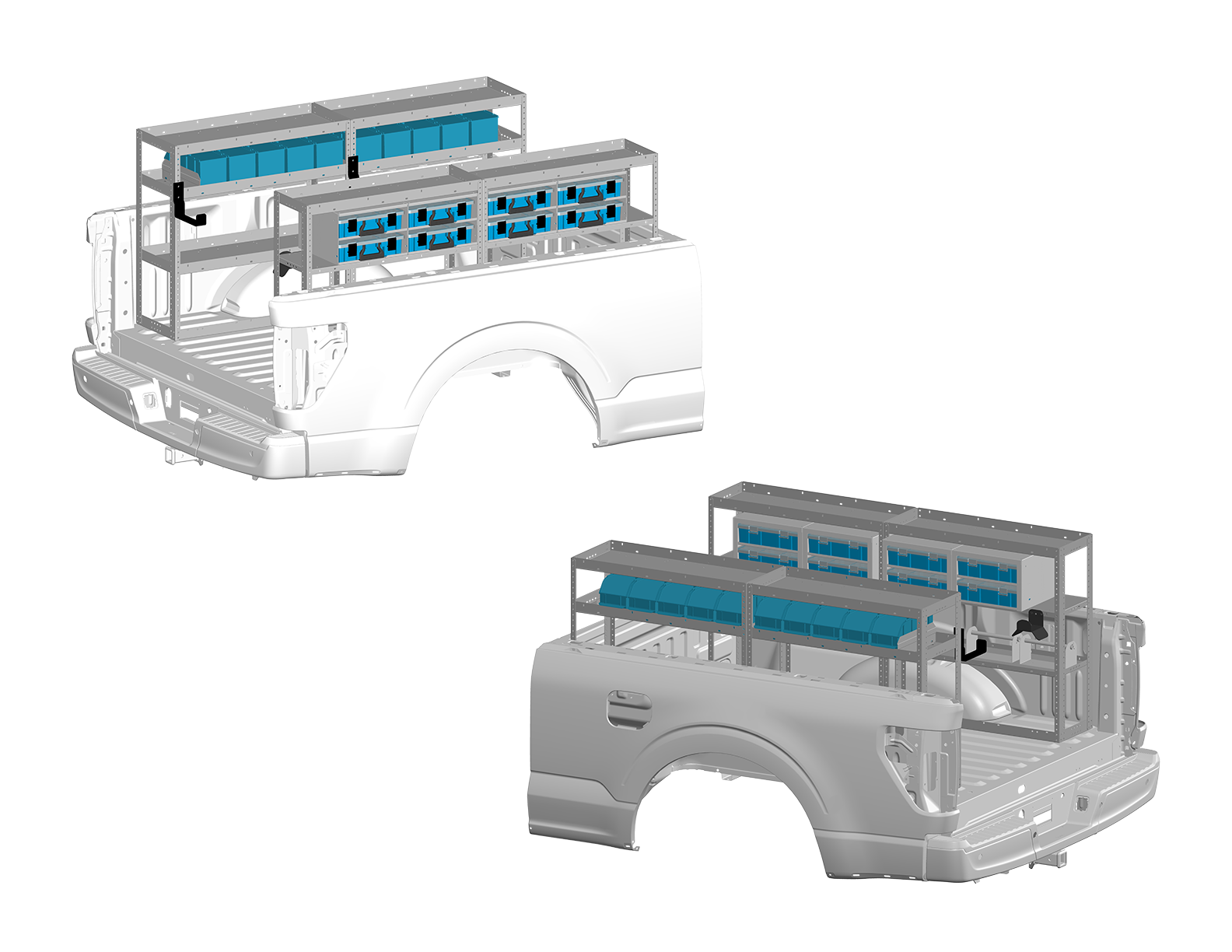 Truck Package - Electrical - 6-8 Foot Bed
---
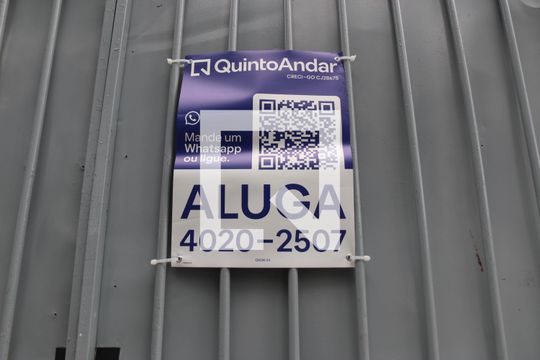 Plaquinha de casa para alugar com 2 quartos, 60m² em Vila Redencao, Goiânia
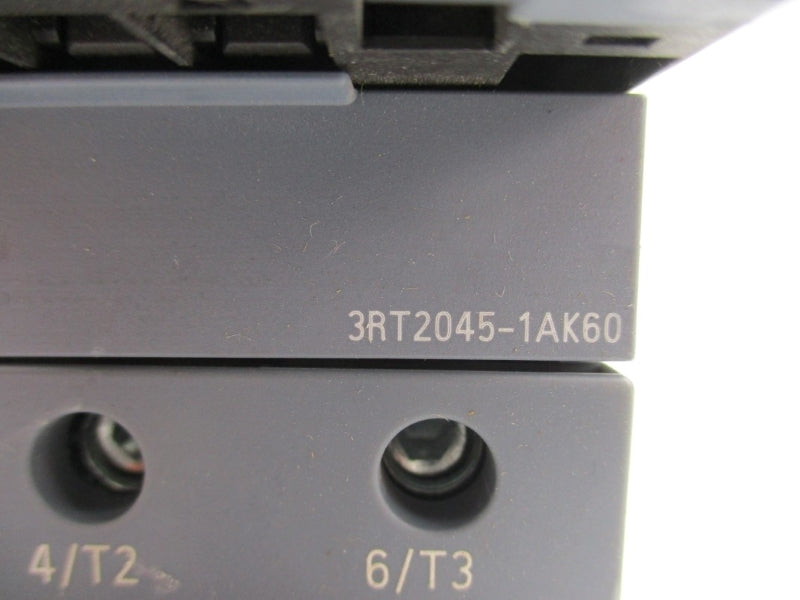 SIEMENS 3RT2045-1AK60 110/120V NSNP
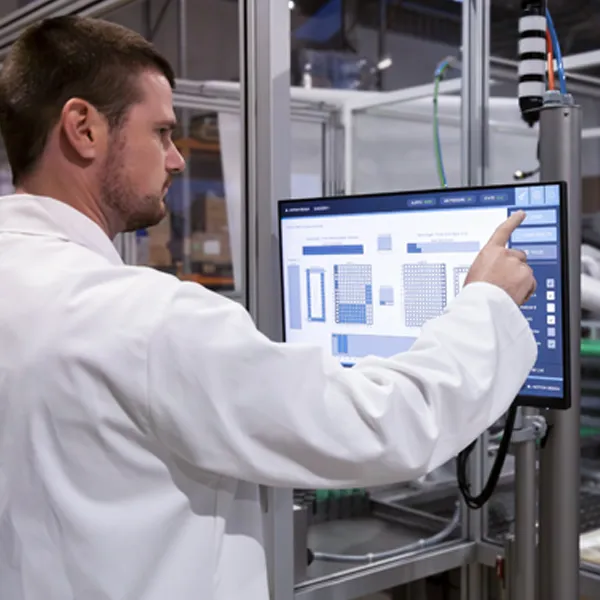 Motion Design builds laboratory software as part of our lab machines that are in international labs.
--
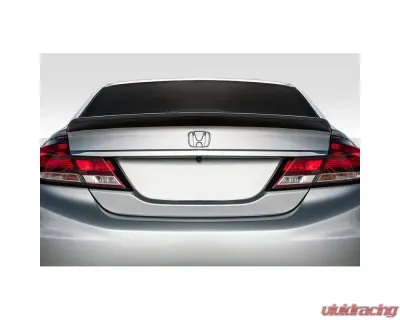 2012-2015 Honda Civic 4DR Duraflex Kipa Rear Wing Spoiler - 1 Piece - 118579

### EXERCISE GOAL
Output exactly the lines above, from the line with "Plaquinha de casa" to the line with "Motion Design builds", both included; skip the pictures.

### REPLY
 Plaquinha de casa para alugar com 2 quartos, 60m² em Vila Redencao, Goiânia
 SIEMENS 3RT2045-1AK60 110/120V NSNP
 Motion Design builds laboratory software as part of our lab machines that are in international labs.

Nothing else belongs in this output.